Successful gasoline de-dome on XP-G2, as well. Working just fine at 2.8 amps. Previously mentioned resurrected XM-L2 U2 working fine at 3.8 amps.

I'm sure there are tools made for this, but I don't have one, so... I made a plastic pointy-thing from the tail end of a zip tie, cut to a very very fine sharp point. Use that to clean away any of the crumbly bits of silicone off/away from the dome. (I used a metal knife on the assumed-dead XM-L2 in the earlier picture, hence the nasty scratches on the substrate - no more of that, thanks.)

Has anyone tried kerosene on these?

If somebody wanted to make a blue one, on purpose, what's the best way to get rid of the phosphor layer?

Finally got around to cutting the grass and since the mower needed gas the XRE started it’s bath late today. It’ll probably soak until some time Thursday morning.

What kind of current are you thinking? Or have you already done it?

The ones I've done in gas only need 3-4 hours, even without giving it a headstart by lifting the corners.

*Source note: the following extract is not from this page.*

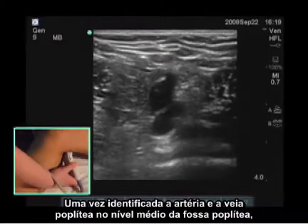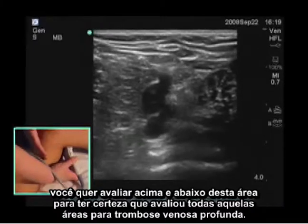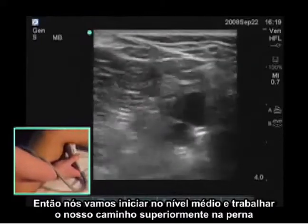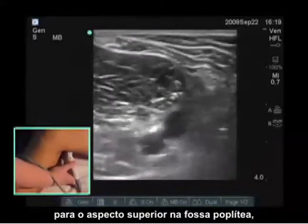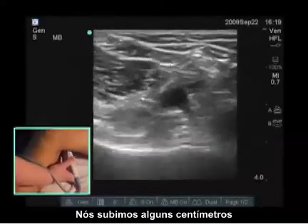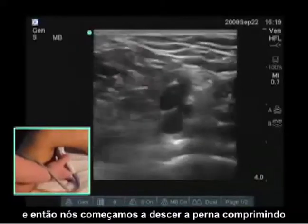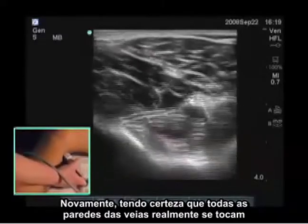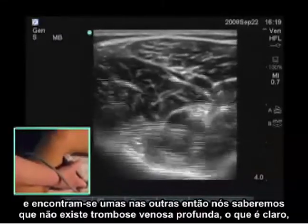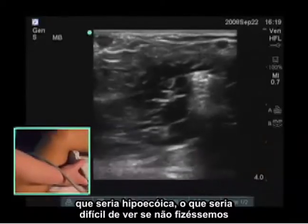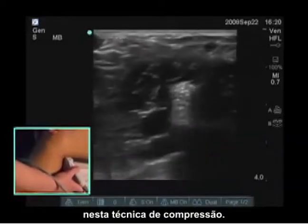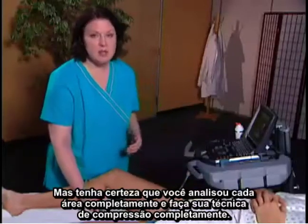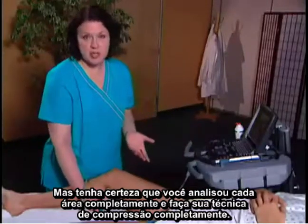Once you've identified the popliteal artery and vein at the mid-popliteal fossa level, you want to evaluate above and below this area to make sure you've assessed all those areas for deep vein thrombosis. Start mid-level and work superiorly to the superior aspect of the popliteal fossa, compressing all the way. Then start to move down the leg, compressing into the inferior aspect of the popliteal fossa, making sure those vein walls actually touch and meet each other. This confirms there's no fresh deep vein thrombosis, which would be hypoechoic and difficult to see without this compression technique. Those are the two steps for assessing the leg for DVT — just make sure you evaluate each area thoroughly and perform your compression technique completely.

Well, I pulled it out of the dunk this afternoon and there wasn’t any sign of remaining silicone on the ring or the mount. Used bent needle nose pliers to pull the ring off (green stuff adhered on bottom of the ring, spots show in the pic below). Sprayed it off with some electrical contact cleaner to dry it off fairly quickly.

Results

Applied power for a just a brief moment and it still lights up. So I guess I’m now 1 for 1 on a successful de-dome.

Perhaps swapping out the XPE in a single mode SK68 to see what happens is the way to go.

A reflow over to a copper sinkpad and into a P60 drop-in with a new driver would be nicer. Will 2.8A be too much, or should I just limit it to 2.1A? Suggestions on how much amperage to reasonably push into it?